• [What you should do] Could you retype the lines below, starting at the line holding "Transparante boxershort Heren" and stopping at the line holding "Search for happy bird stickers Blue", inclusive? Copy them exactly and drop the images.

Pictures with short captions
# # # #
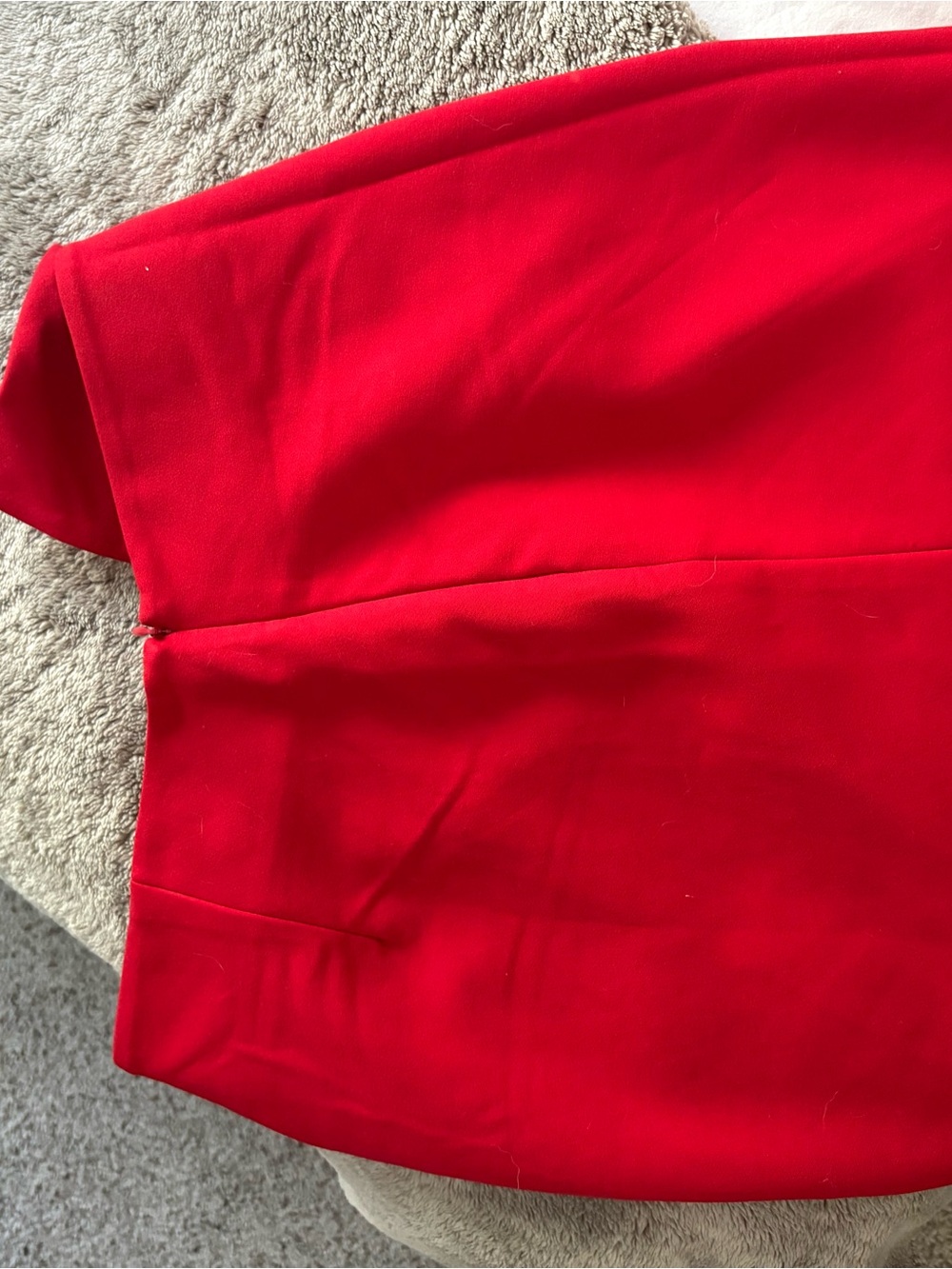 Maeve Red Knot-Front Mini Skirt - Picture 4 of 8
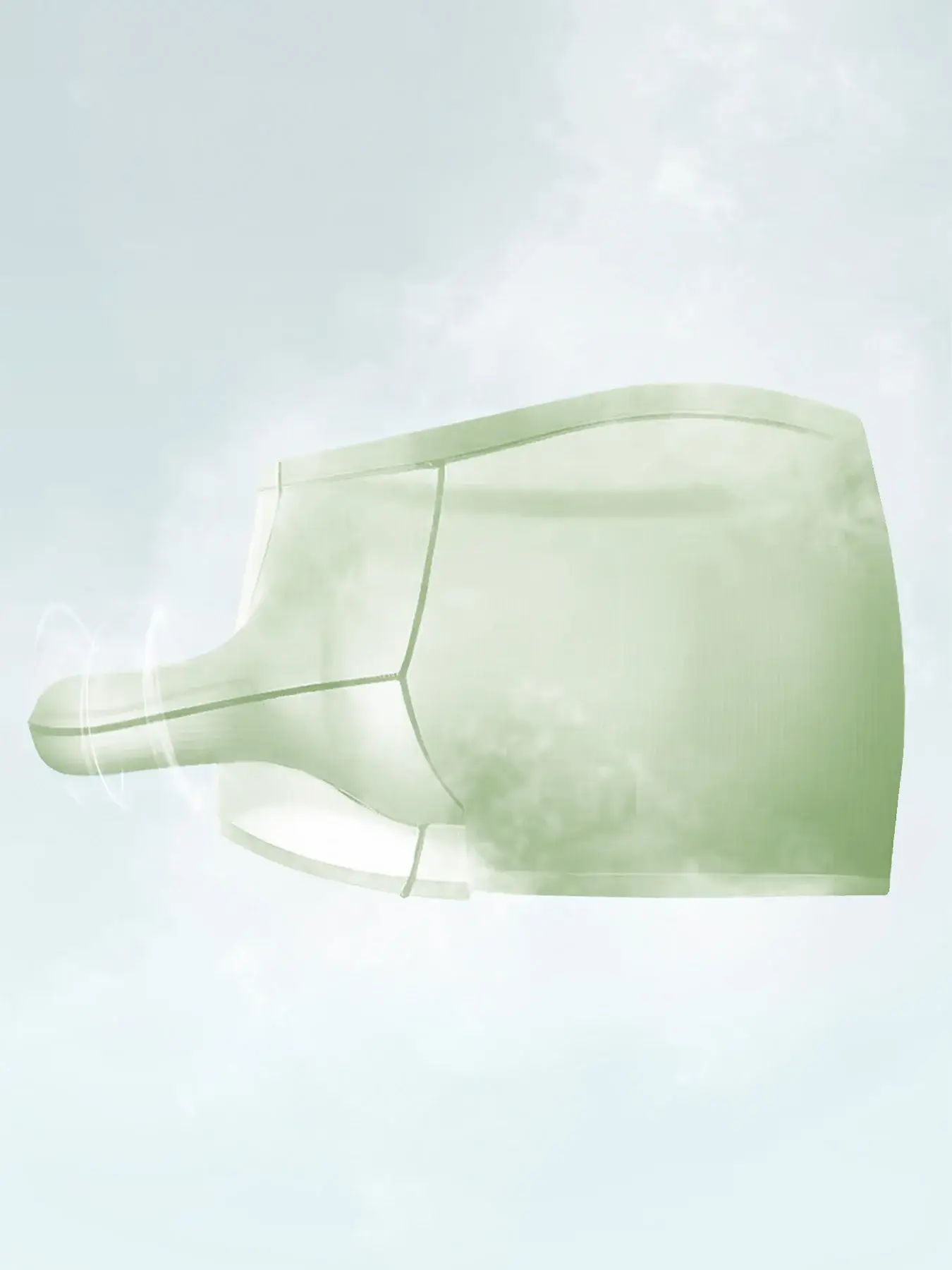 Transparante boxershort Heren Sexy ondergoed Ultradunne onderbroek See Through Ice Silk Knickers Glad glanzende lingerieshort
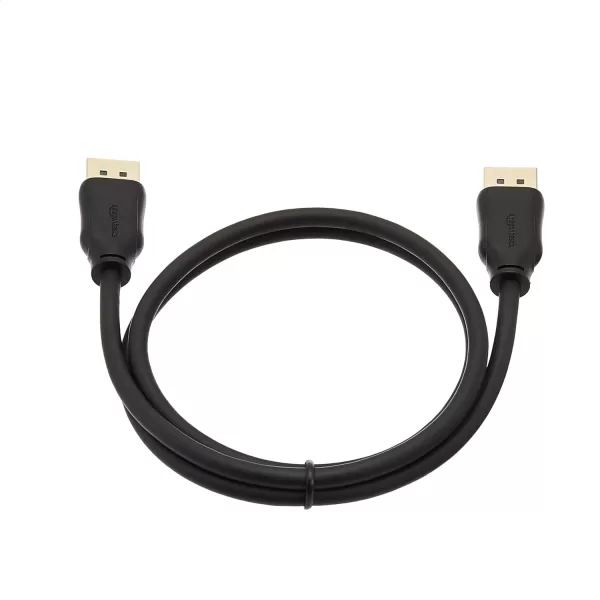 Amazon Basics 8K DisplayPort 14 Cable with 4K120Hz 8K60Hz Video Resolution and HDR Support  10 Feet 28 Pack 1 Carton 28 Count Total Black3 Feet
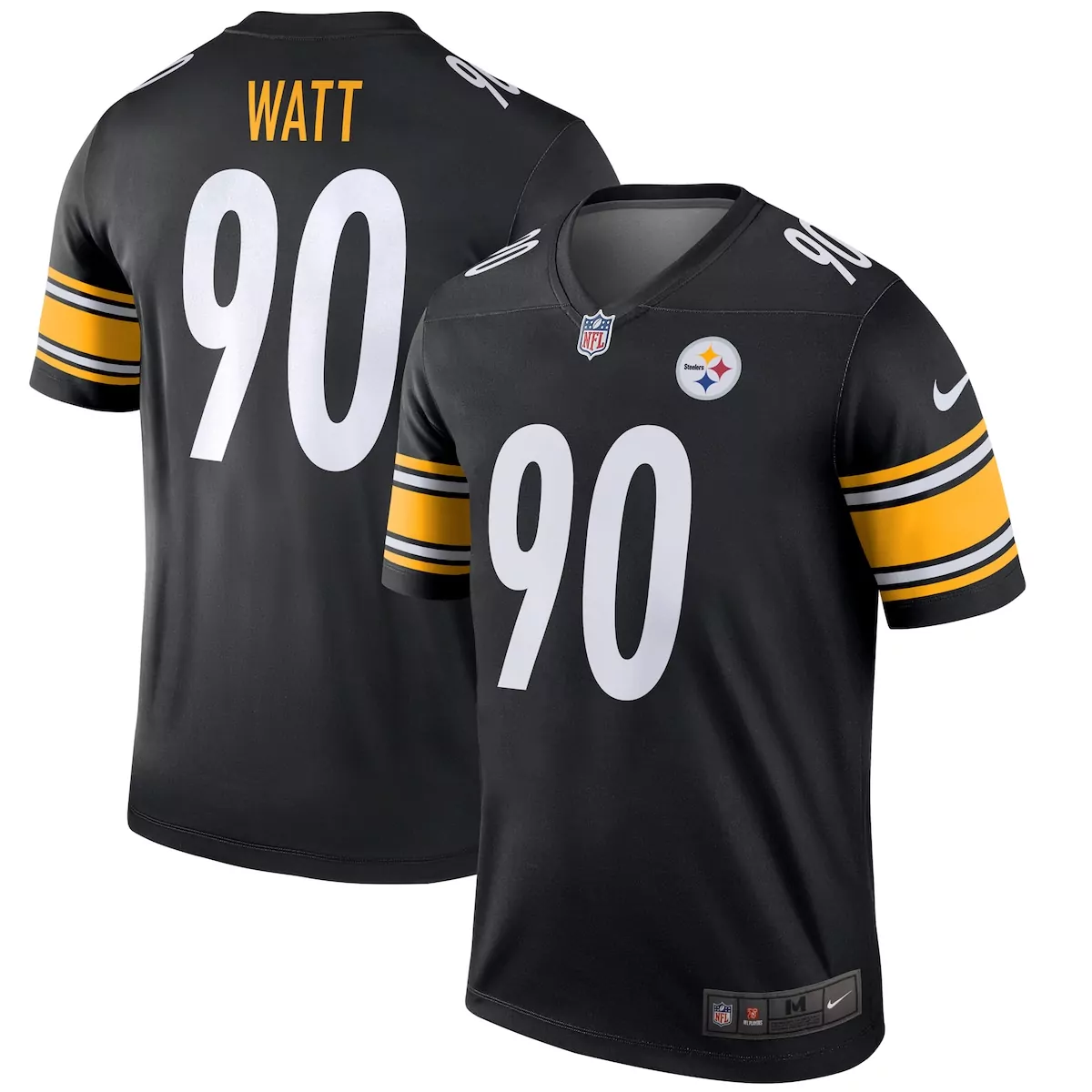 pittsburgh steelers t j watt black game jersey 1fs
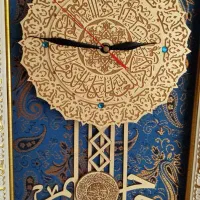 ساعت چوبی مذهبی منبت کاری|ساعت دیواری و تزئینی|تهران, چیتگر شمالی|دیوار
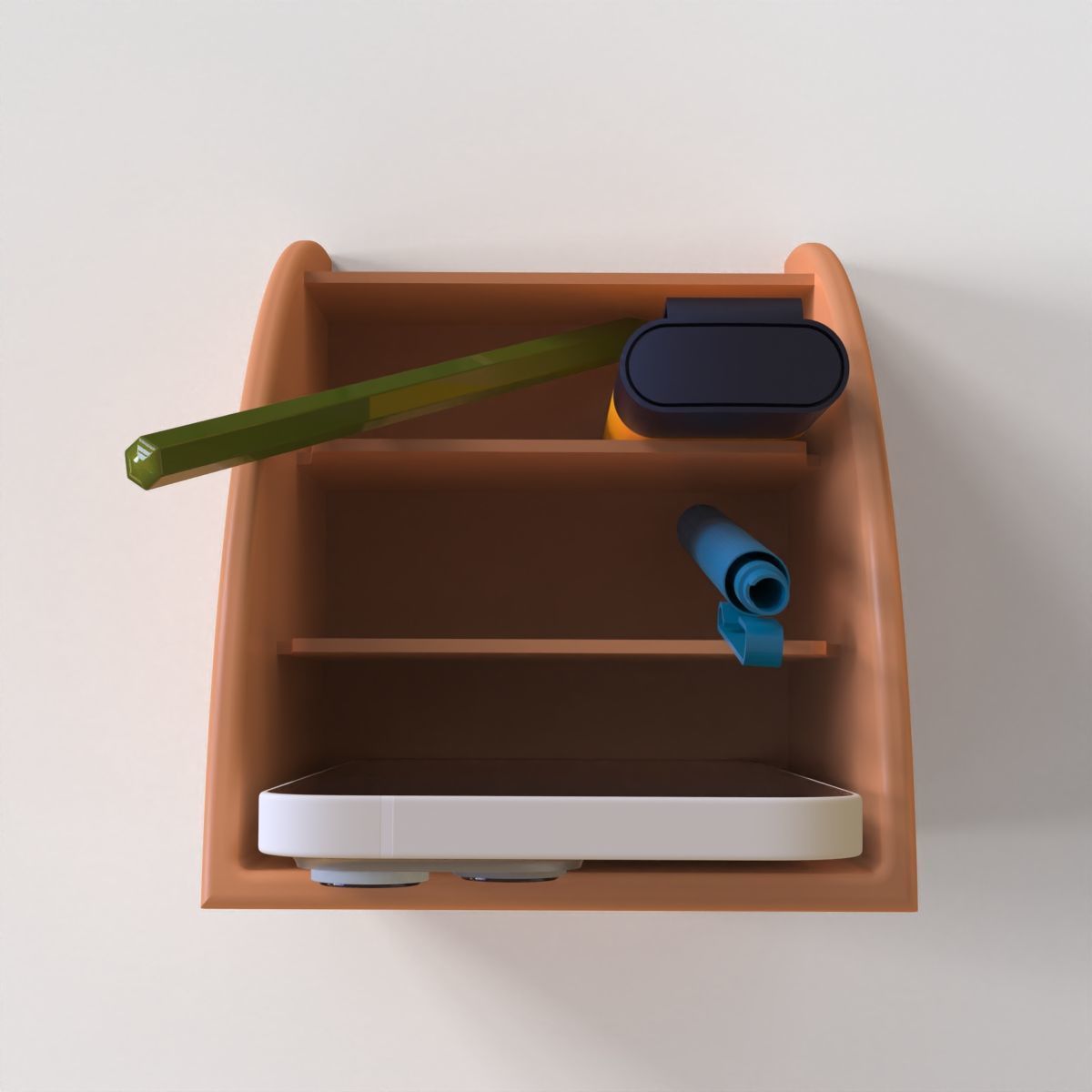 Desk Organizer 3D print model_8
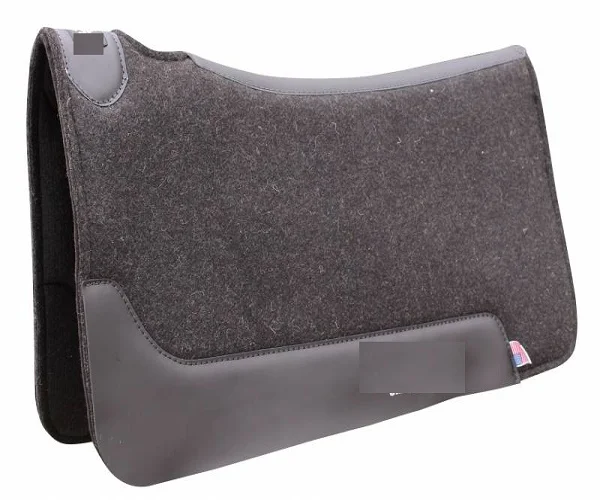 Wool Saddle Blanket Fashionable & Comfortable moisture wicking Manufacturer of Acrylic Pad Australian shaped saddlecloth
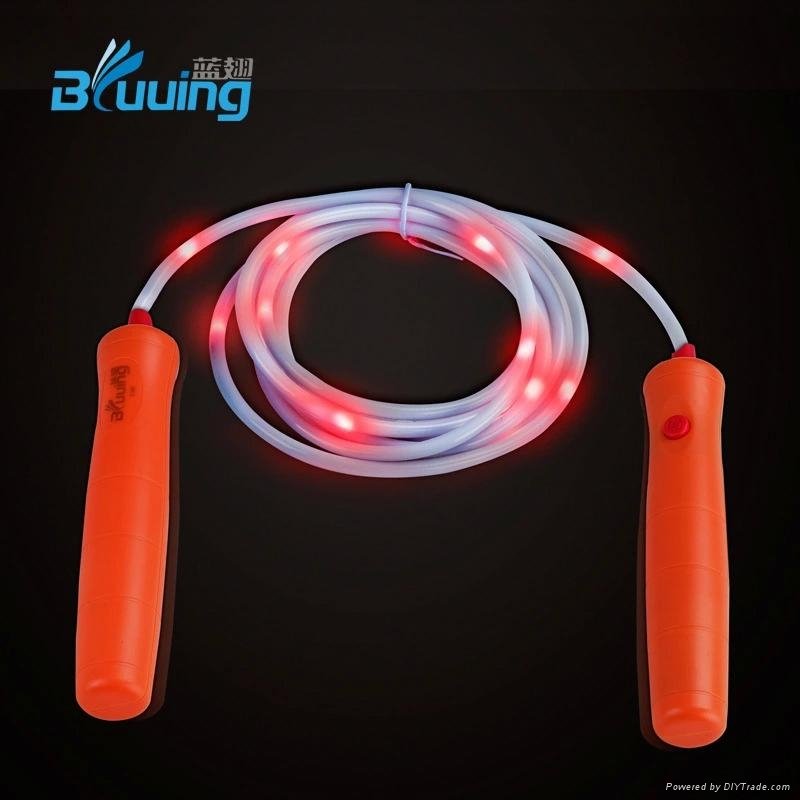 2015 OEM and ODM produce Bluuing brand led speed jump ropes&glow jump rope for  2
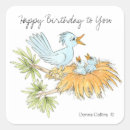 Search for happy bird stickers Blue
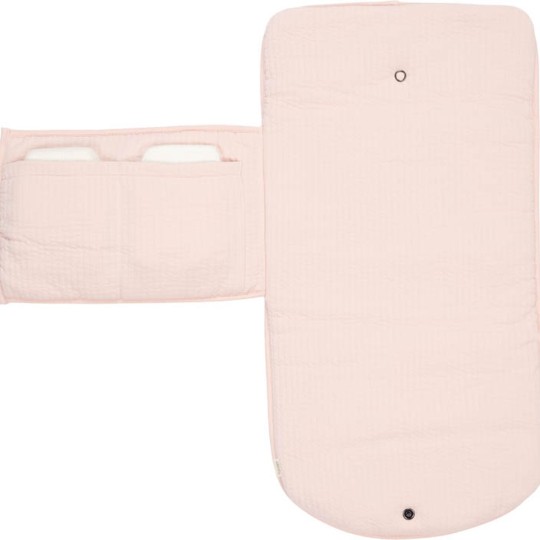 Little Dutch - Fasciatoio portatile - 100% Cotone - Colori Little Dutch: Pure Soft Pink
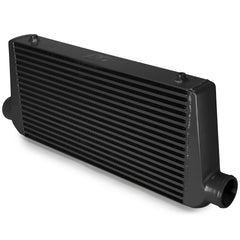 Universal Turbo Intercooler 31x12x3 in. Black Paint with 3 in. Inlet/Outlet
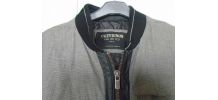 Blouson Chevignon coton et cuir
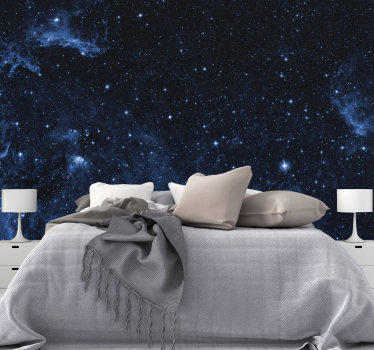 Fototapete Schlafzimmer Galaxie schlafzimmer mit sternbildern - TenStickers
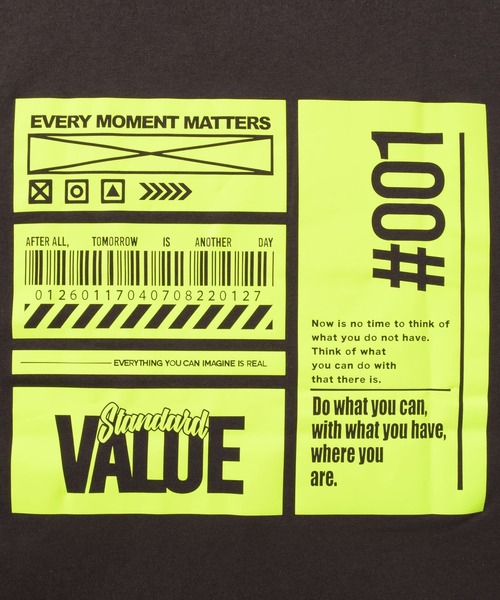 GLAZOS（グラソス）の「リフレクターバックプリント半袖Tシャツ（Tシャツ/カットソー・キッズ・ブラック/オフホワイト/ホワイト/チャコールグレー・150cm/160cm/140cm/170cm）」の16枚目の写真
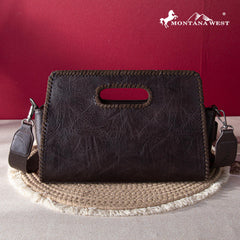 2024 New Montana West Hair-On Cowhide Collection Crossbody Bag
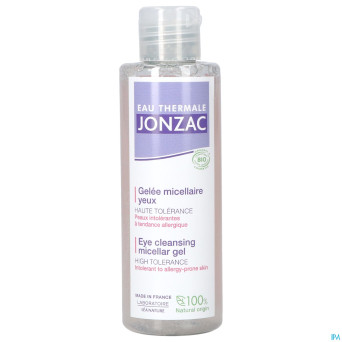 Jonzac reactive gelee micel yeux h. tol. bio 100ml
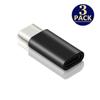 3PCS Lightning Female To USB C Male Charger Adapter for IPhone 15 Pro Max Plus IPad Type C To 8Pin Charging Data Sync Connector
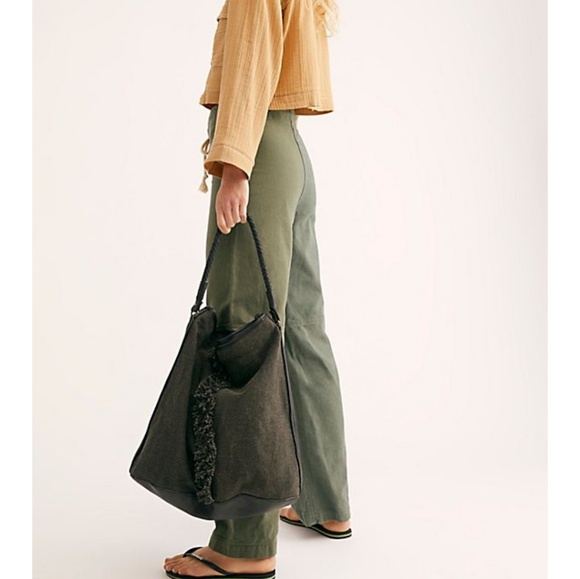 Free People Canvas Bucket Bag - Picture 7 of 8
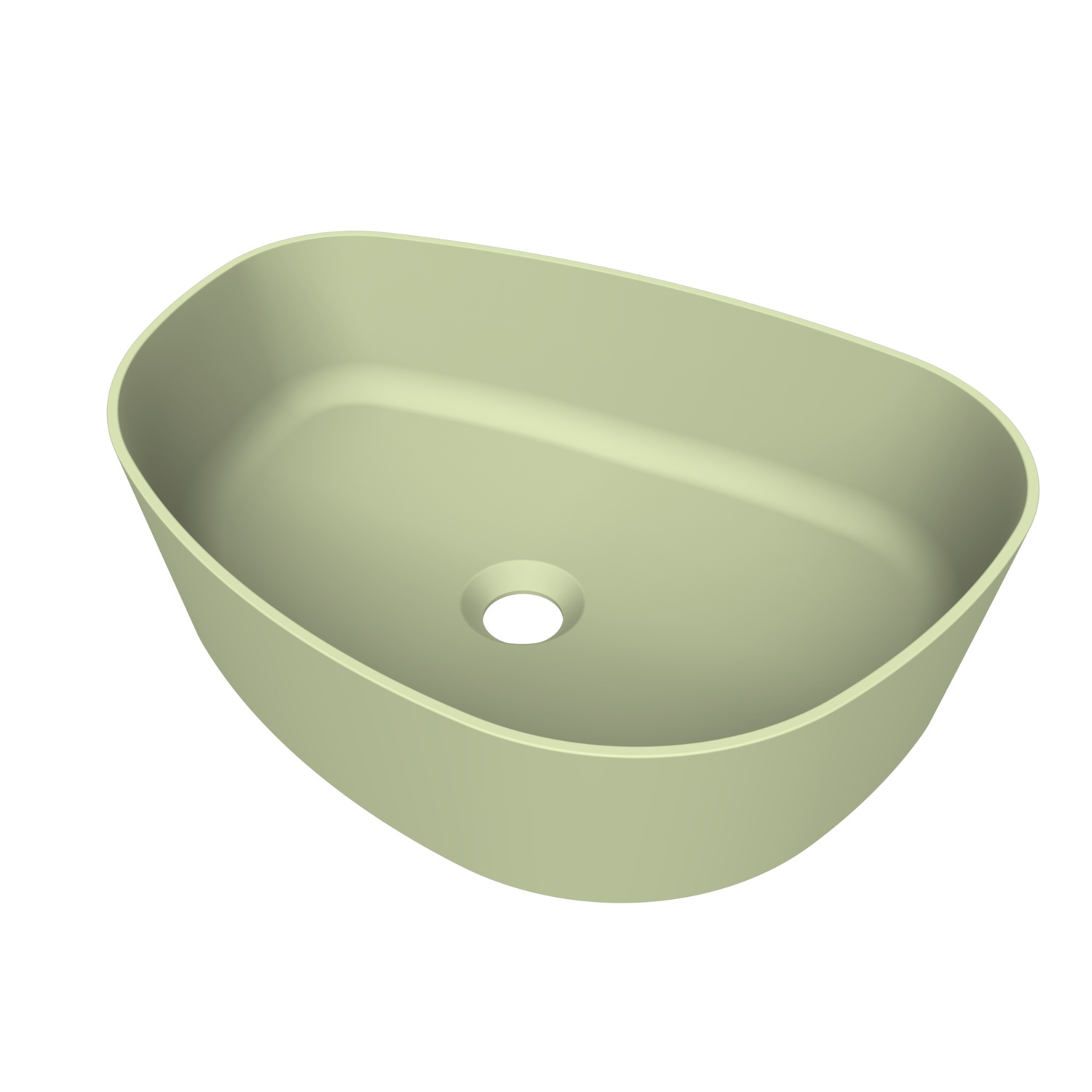Arcqua Rocker Opbouw Waskom Organisch R 50x37 Mat Pastel Groen Arcqua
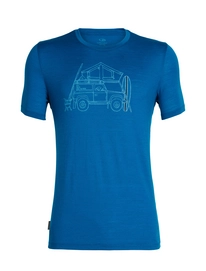 T-Shirt Icebreaker Homme Tech Lite SS Crewe Surfspot Camper Isle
# # # #
• [Your response]
 Transparante boxershort Heren Sexy ondergoed Ultradunne onderbroek See Through Ice Silk Knickers Glad glanzende lingerieshort
 Amazon Basics 8K DisplayPort 14 Cable with 4K120Hz 8K60Hz Video Resolution and HDR Support  10 Feet 28 Pack 1 Carton 28 Count Total Black3 Feet
 pittsburgh steelers t j watt black game jersey 1fs
 ساعت چوبی مذهبی منبت کاری|ساعت دیواری و تزئینی|تهران, چیتگر شمالی|دیوار
 Desk Organizer 3D print model_8
 Wool Saddle Blanket Fashionable & Comfortable moisture wicking Manufacturer of Acrylic Pad Australian shaped saddlecloth
 2015 OEM and ODM produce Bluuing brand led speed jump ropes&glow jump rope for  2
 Search for happy bird stickers Blue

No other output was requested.